The Canon EF 35mm f2 IS is an absolute belter of a lens because it combines so many wonderful qualities into one optic. It is plenty sharp wide open, but not ugly wire sharp. It has a lovely bokeh and general fingerprint. It focuses accurately and quickly with little noise, color is very nice and the stabilization is class leading. The price of £400 may seem high to some people, but what other lenses compete? None. No, not even the f1.4 lenses, because although they gain a stop of subject isolation, they lack stabilization, they’re heavier, bulkier and more expensive, don’t all have such pleasant bokeh and they cost 2-3 times as much.
Personally, I think this lens hits a sweet spot. f2 allows for decent subject isolation where you are likely to desire it, but keeps size and price sensible, while allowing for IS. The end result is that the person looking at f1.4 optics to shoot in low light is actually far better off with the Canon EF 35mm f2 IS, because it gives up to three more stops of low light performance. The only downside would be moving subjects where the f1.4 lens would deliver faster speeds. From my experience with documentary work, I think this lens would actually be far more useful, but YMMV.

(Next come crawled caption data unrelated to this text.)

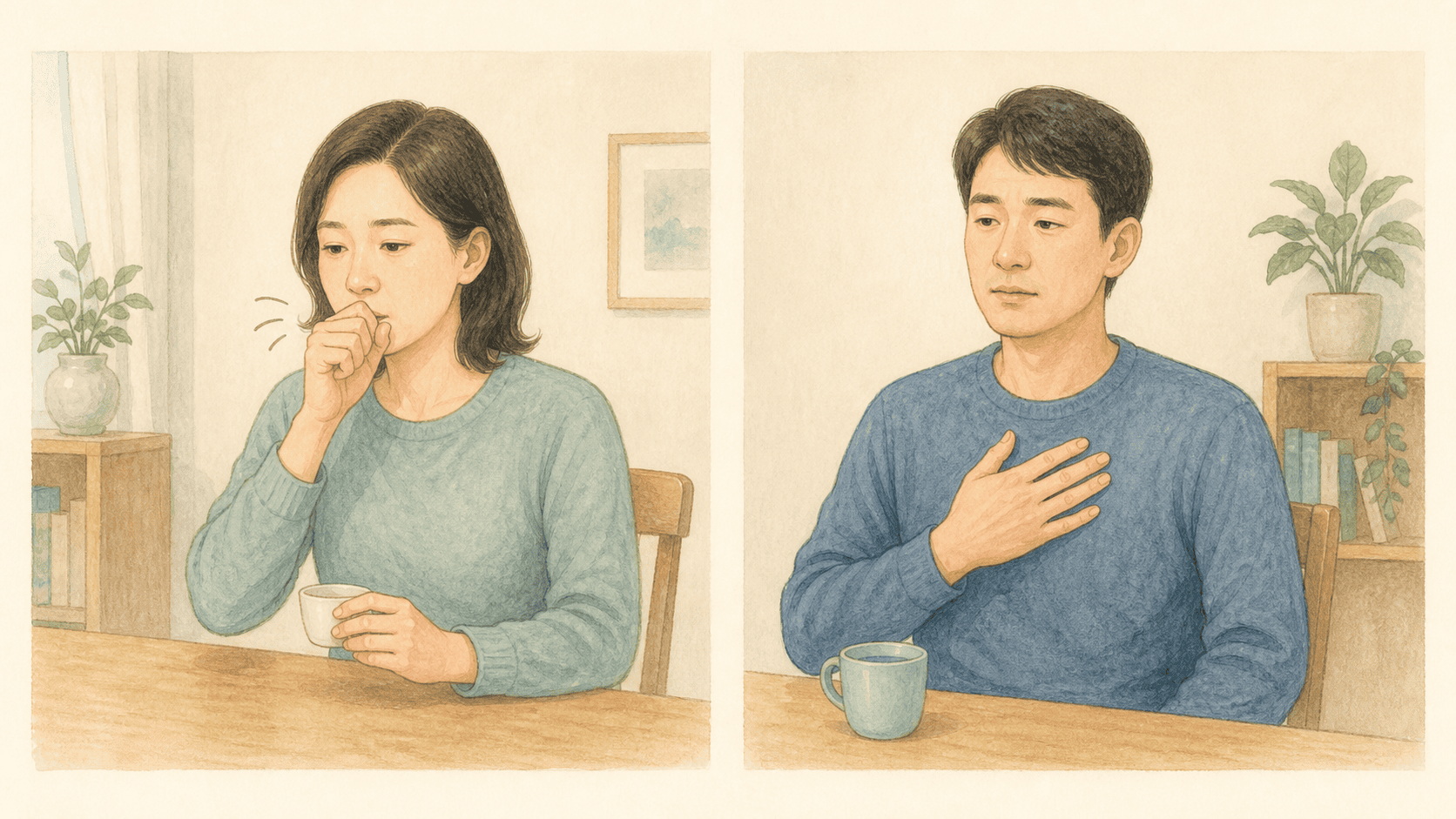 삼키기 시작하기 어려운 증상과 삼킨 뒤 가슴에 걸리는 증상을 나란히 보여 주는 장면
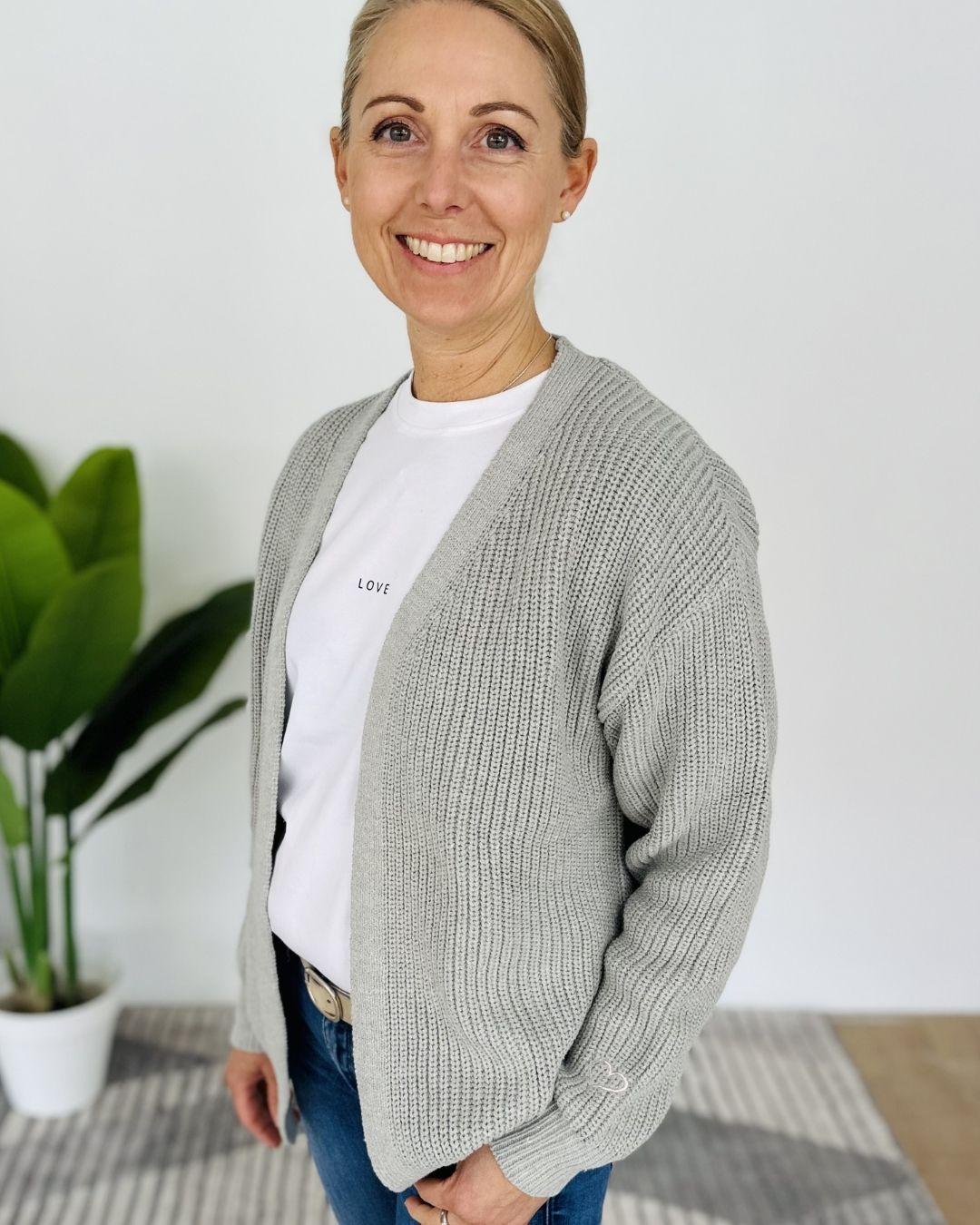 Herzlein® Cardigan Kurz in Grau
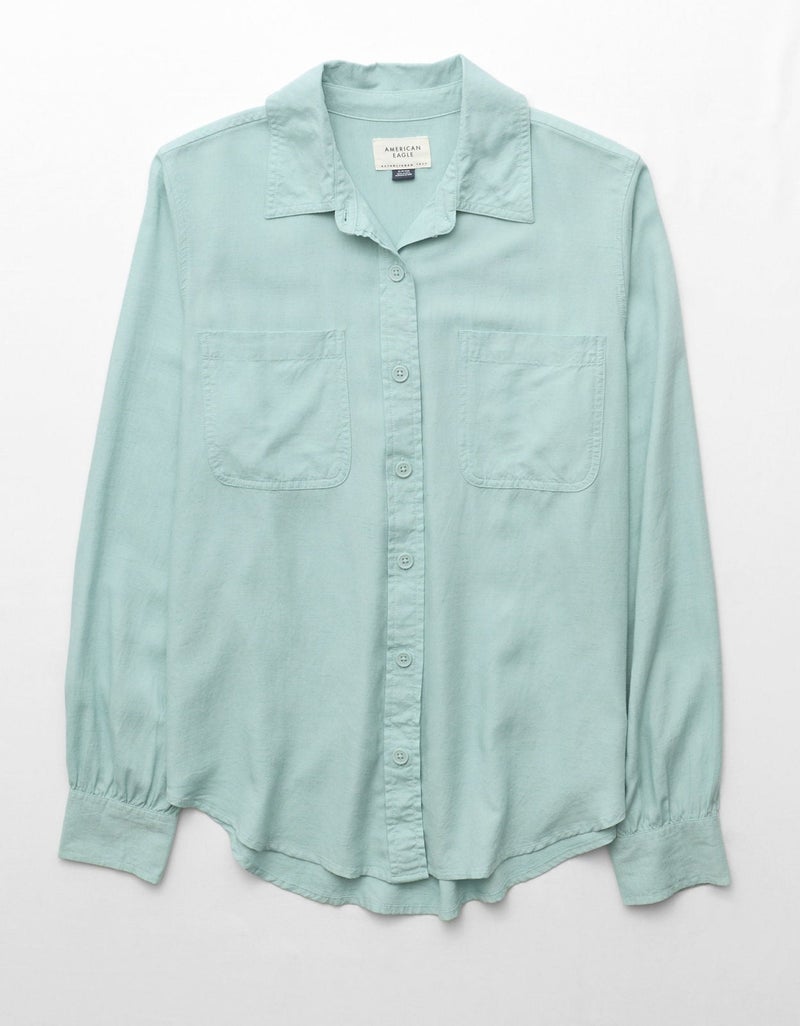 American Eagle AE Bestie Long-Sleeve Button-Up Shirt - Image 3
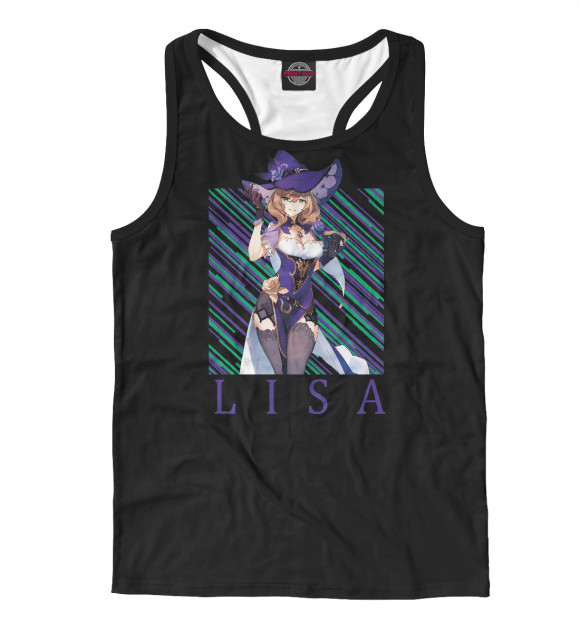 Мужская майка-борцовка с изображением Лиза Геншин импакт цвета Белый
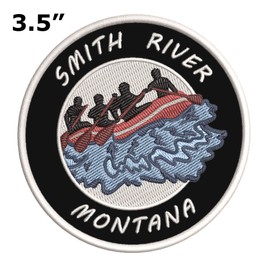 Smith River, Montana White Water Rafting Embroidered Premium Patch DIY Iron-on or Sew-on Decorative Badge Emblem Vacation Souvenir Travel Gear Clothes Appliques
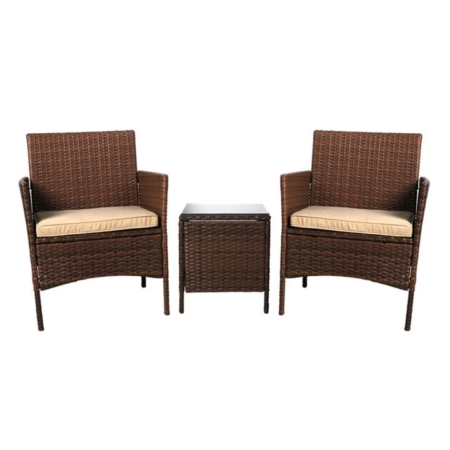 Outdoor Furniture Set Patio Garden 3 Pcs Chair Table Rattan Wicker Cushion Seat Brown
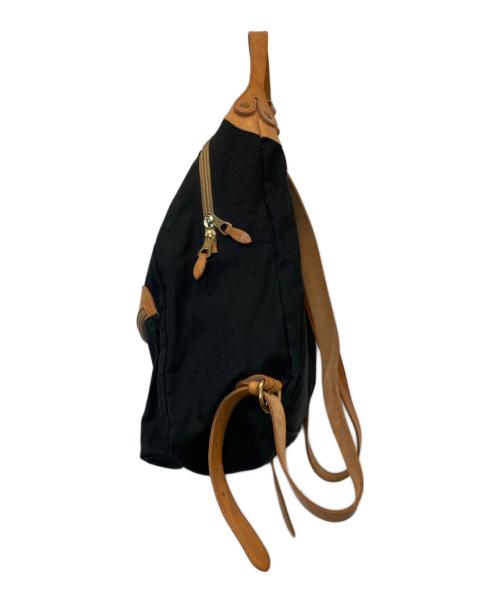 IL BISONTE（イル ビゾンテ）IL BISONTE (イル ビゾンテ) バックパック 54242309226 ブラック×ブラウンの古着・服飾アイテム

I have yet to use a 24mm or 28mm f2.8 IS, but can’t help but feel that they are less ‘stand-out’ products, by virtue of being one stop slower than the 35mm f2 IS and so only one stop faster than the zooms. Whereas the EF 35mm f2 IS is shown as outperforming the best zooms by a fair amount at comparable apertures, the same cannot be said for the 24 and 28mm versions, which appear slightly weaker than the EF 24-70 f4 IS L and EF 24-70 f2.8 L II in the outer field, judging by the tests I have seen. The advantage they offer is that they are still one stop faster (which helps somewhat with backgrounds for people shots and could get you out of trouble in low light) and are very much smaller (even than this 35mm f2 IS). They’re also quite a bit lighter at 260g for the 28mm and 280mm for the 24mm. I would like to use them to make my own mind up, but on paper I see them as less appealing choices.
A few more bokeh examples, where the background has edges and is quite close to the left flower)
I think the Canon EF 35mm f2 IS is a hugely compelling choice for wedding photographers, photojournalists, documentary shooters and perhaps some landscape photographers. In overall terms, I prefer its rendering to my Sony Zeiss 35mm f2.8 FE and think it has something of the Leica 35mm f2.5 Summarit-M about it (sharp, but smooth) and I can think of no higher compliment than that (other than the fact that it does all this with the addition of IS and at a fraction of the price).